00:17:47.120 So anyway, I mean, enough about the speed sticks.
00:17:49.300 One thing I'm noticing is it's coming along where you're seeing Gen Z really becoming adults
00:17:55.400 and interacting.
00:17:56.980 We're lacking a lot of conventional social skills that previous generations had.
00:18:02.000 And this is a huge topic that's going to be tough to cover in what, what, 15 minutes.

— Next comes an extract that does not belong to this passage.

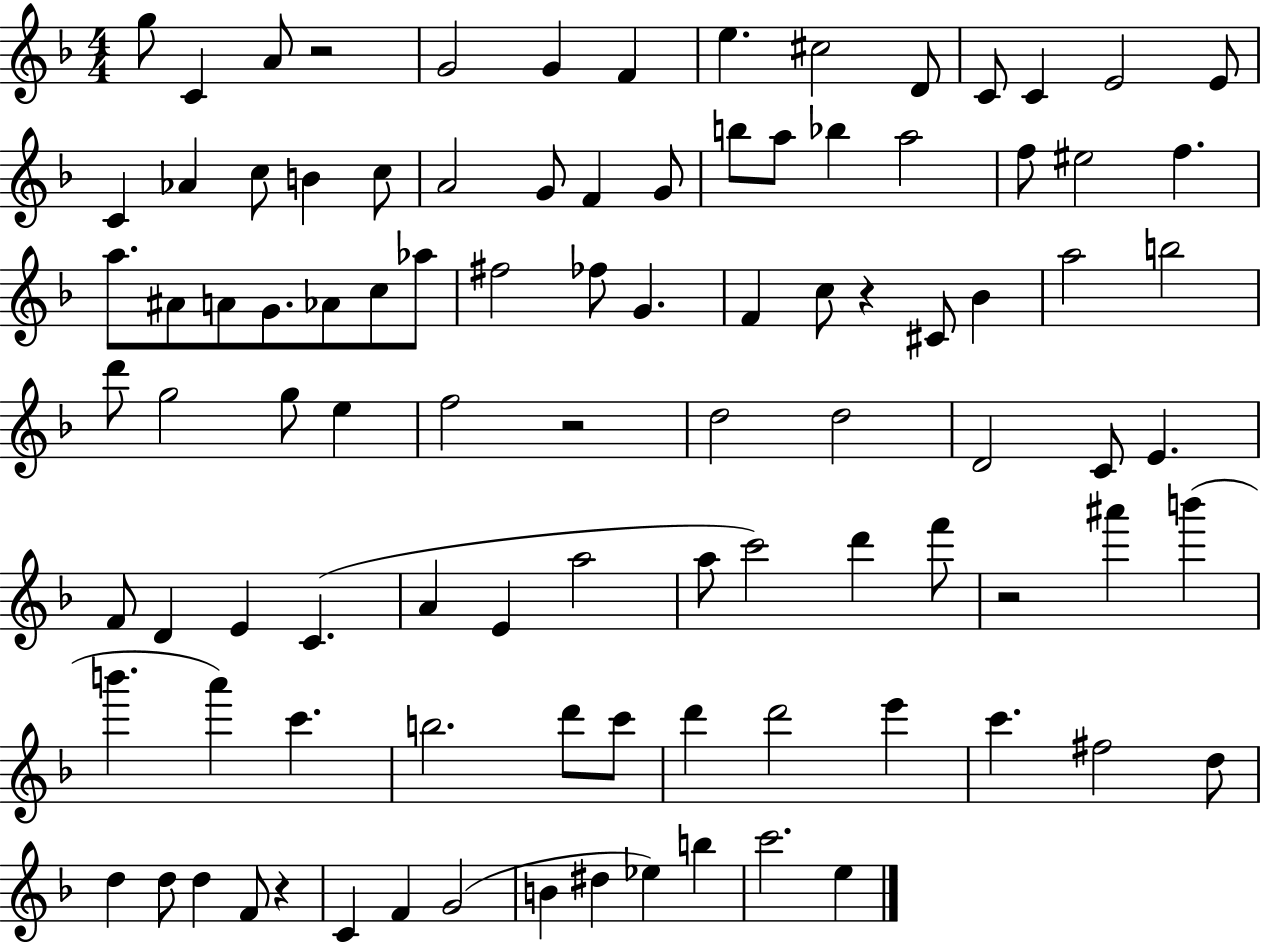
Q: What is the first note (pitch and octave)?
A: G5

00:18:07.480 But I do think there's, we're very neurotic Zoomers.
00:18:11.240 Gen Z, I'm a Zoomer.
00:18:11.960 I'm 24.
00:18:12.920 I think we're a very neurotic generation.
00:18:14.560 And I suspect, not even suspect.
00:18:16.120 I think it's kind of obvious.
00:18:17.000 This does stem from the fact that you don't know who your neighbors are.
00:18:20.620 You don't know anybody in your community.
00:18:21.980 You don't know who's like your elected officials are.
00:18:23.860 There's the low trust society has completely one-shotted Zoomers.
00:18:28.920 What do you think this is going to look like?
00:18:30.220 Because boomers are still generally pretty trusting of, of the general public.
00:18:33.800 They typically give people a fair shake.
00:18:35.580 And then this kind of descent, this, this quality kind of disappears to go down generations.
00:18:39.120 Where I think Gen Z is the first generation where this is completely gone, where they're
00:18:42.100 just neurotic, distrustful, honestly, rightfully so as well.
00:18:46.440 What do you think, what changes do you think we're going to see as, as this generation
00:18:49.800 sort of starts taking, taking hold?
00:18:51.860 Yeah, I think another big piece of this before I talk about the changes going forward is the
00:18:57.240 fact that two years at least of a lot of people's lives got taken away.
00:19:01.580 And so the closer to the formation of your personality that 2020 and 2021 and 2022 was,
00:19:10.040 that has a huge impact on you.
00:19:11.860 So if you were planning, if your graduation, let's say your, your like high school graduation
00:19:15.940 got shut down because of this and all of your, your scholarship opportunities got ruined
00:19:21.100 because of a disease.
00:19:23.780 That's, that automatically puts a huge lack of social trust in you and goes, okay, well,
00:19:29.380 everything I'm prepared for, everything that somebody told me was going to be my ticket
00:19:33.180 out of here is not going to be there.
00:19:34.880 Yeah.
00:19:35.040 Um, and not that, not that zoomers needed any help, uh, with that, because again, like I
00:19:40.420 think that broadly millennials trusted the, the, uh, promises of the boomers that the boomers
00:19:45.580 thought that there were like, okay, now we have, uh, attained, like, this is the end of
00:19:49.540 history.
00:19:49.840 This is the way that the world is going to work forever.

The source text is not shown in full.